The Art of Ballet
The art of ballet started out as a fun dance for the wealthy and throughout history, has evolved into an elegant, world wide form of structured expression. From its beginnings in European cultures to its now widespread and diverse variations, ballet shows no signs of slowing down in popularity any time soon. Early ballet was influenced by the social dancing of its day, ballroom dancing.
This art was born when the ancient Greek and Roman renaissance of the fifteenth and sixteenth centuries took place, reviving an interest in all things human and the arts.
The word “ballet” derives from the Italian word “balla,” meaning dance. In the Italian city-states of the fifteenth century, many “balli” meaning “dances” were held. The ballis involved specific steps that our generation would classify as ballroom steps. Ballet got much recognition when Louis XIV ascended to the throne of France. He came from an arts school where he studied the arts of fencing, music, and dance. His passion for dance was very serious. So serious in fact, that he established the Academic Royale de Danse in 1661, employing 13 ballet instructors.
Another well –known founder of ballet is Jean-Georgeos Noverre, also known as the “Shakespeare of Dance”. He argued for a new, more expressive form of ballet. He created ballet d’action, meaning ballet with out instruments. The Romantic Period played a very important role in the development of women in ballet. This period began in the early eighteen-hundreds. The milestones accomplished within this time period included large female background dancers to accompany the prima ballerina, the lightening of female costumes, and women dancing en pointe.
Dancing en pointe, turn out, and the basic five ballet positions exemplify ballet, and are now standard for all ballerinas. The next step on the road to modern ballet is the formation of classical ballet. While the first production of the ballet known as La Sylphide took place in Paris and most famous ballerinas of the day were still coming from Italy, the second half of the nineteenth century saw the axis of the ballet world shift from Western Europe to Russia. However, a Frenchman was responsible for this shift.
Marius Petita created five of ballet’s greatest classics in the late nineteenth century: Don Quixote, La Bayadere, The Sleeping Beauty, Swan Lake, and The Nutcracker, as well as restaging Giselle and La Coppelia. All of these classics share common similarities marking them as the trademarks of what is now regarded as the classical repertoire. They generally begin with group dances and evolved into complex stories between two or three main characters. The grand pas de deux, meaning big step for two, commonly begins with an adagio (slow, lyrical dance) between a male and a female dancer.

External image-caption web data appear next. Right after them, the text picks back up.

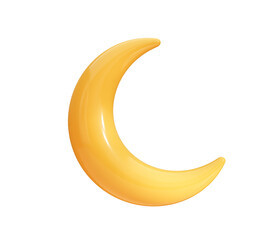 Obraz na płótnie Canvas Crescent moon icon, 3d render.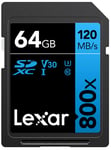 Lexar High-Performance 800x SD Card 64GB, SDXC UHS-I Memory Card BLUE Series, Class 10, U3, V30, Up to 120MB/s Read, for Point-and-shoot Cameras, Mid-range DSLR, HD Camcorder (LSD0800064G-BNNAG)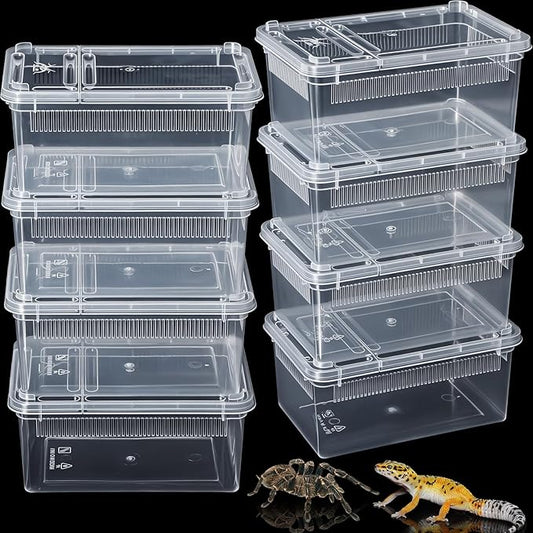 Irenare 8 Pcs Reptile Breeding Box Plastic Spider Terrarium Tarantula Feeding Box for Bearded Dragon Lizard Spider Gecko Scorpion(Vent Strips,Clear,5.9 x 3.9 x 2.5 Inch)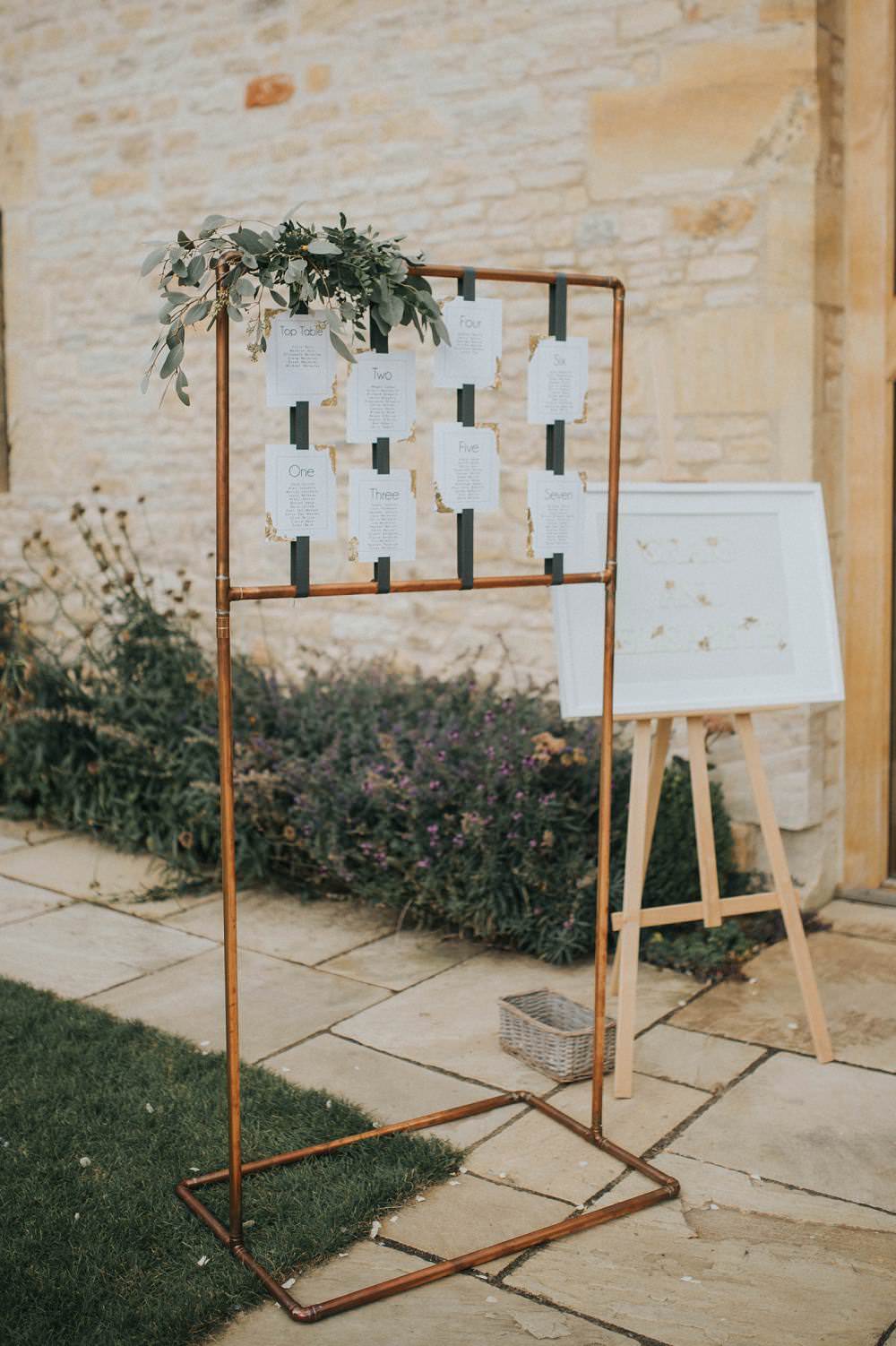 Seating Plan Table Chart Sign Copper Pipe Metal Foliage Eucalyptus Boho Greenery Barn Wedding Kerry Diamond Photography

The dance includes high extensions of the woman’s legs, multiple pirouettes, and big leaps forming a long straight line with the female’s legs in the air. Following the adagio is the allegro. This portion is merely a solo showcase of the male dancer’s ability and strength across the stage. An allegro for a ballerina features softer, yet intricate footwork and pirouettes. Finally, we have the coda, or finale, which reunites the dancers in an exuberant flourish. During that time period, three schools of classical ballet emerged.

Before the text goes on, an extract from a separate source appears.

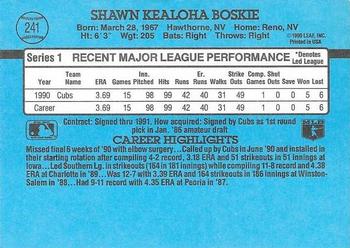 1991 Donruss #241 Shawn Boskie Back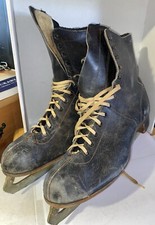 Antique Men  s Ice Skates Union Hardware Tempered Steel Size 11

The French school is the oldest of the three. Known for its grace and elegance rather than its technical virtuosity, the French school was nevertheless held in high regard. The Italian school was known for its dexterity, difficulty of its steps, high leaps, and multiple turns. Lastly there was the Russian school. The Russian school was basically a hybrid of the prior schools. This school was held in high esteem due to its combination of serene elegance, breathtaking choreography, and the most complete and well-developed technique in all of ballet.
The Russian ballet school slowly led the movement of ballet throughout the world and is responsible for how far ballet has grown. While Petipa’s traditional romantic style still held sway over Europe and Russia, Isadora Duncan, a freethinking American brought a completely new aesthetic to the stage. She believed in a more “anit-ballet” view of dance. She believed ballet was elitist and superficial. Duncan started a form of dance that was quite the opposite of what ballet was known for. This style of dance would be natural, free, and unbounded by rules.
Duncan took her dancing on the road, touring through Europe and Russia alone, barefoot, and dressed in long tunics. The traditional aspect of her performance was the music she danced to, which was mostly Mendelssohn, Beethoven, and Chopin. She had many enemies, but with every enemy she gained, there were hundreds who thought her dramatic expression was lively and wquite enjoyable. Through the next few years, modern dancers began to fuse ballet with their own expressive movements. Also, ballet choreographers began incorporating modern techniques into their dances.
As time moved forward, so did the swift evolution of ballet. Cultures took the basics and made it their own and by the late 1970’s , many classical ballet companies started incorporating modern steps into its repertoire and hiring modern choreographers to construct distinctive works on its own dancers. It is evident that as the world changes and its people continue to gain knowledge about their surroundings, the art of ballet will continue to spark interest and develop creativity in many people aspiring to gain the technique of the craft.